In this case, the bat is the source emitting the ultrasound wave, and it is moving towards the wall. When the wave reflects off the wall and reaches the bat, the bat is still moving towards the wall. Therefore, the observer (the bat) is moving towards the source (the wall).
The Doppler effect formula for frequency is given by:
f' = (v + vo) / (v + vs) * f
Where:
f' is the observed frequency (reflected wave frequency)
f is the emitted frequency (original wave frequency)
v is the speed of sound (341 m/s)
vo is the velocity of the observer (bat) relative to the medium (wall)
vs is the velocity of the source (wall) relative to the medium (bat)

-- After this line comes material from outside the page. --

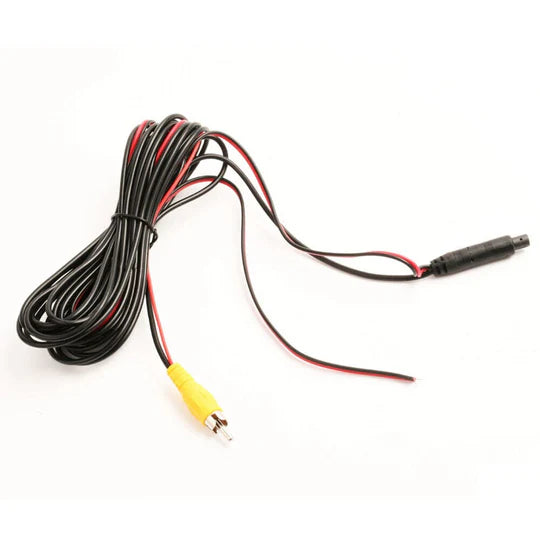 10 M videokabel voor achteruitrij camera | RCA-plug naar 4-Pins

In this case, since the bat is moving towards the wall, the velocity of the observer (vo) is positive, and the velocity of the source (vs) is negative.
Given:
f = 27.5 kHz = 27.5 x 10^3 Hz
v = 341 m/s
vo = 6.47 m/s
vs = -6.47 m/s
Substituting these values into the formula:
f' = (341 + 6.47) / (341 - (-6.47)) * 27.5 x 10^3
Simplifying:
f' = 347.47 / 347.47 * 27.5 x 10^3
f' = 27.5 x 10^3 Hz
Therefore, the frequency of the reflected wave, when it reaches the flying bat, is still 27.5 kHz or 27.5 x 10^3 Hz.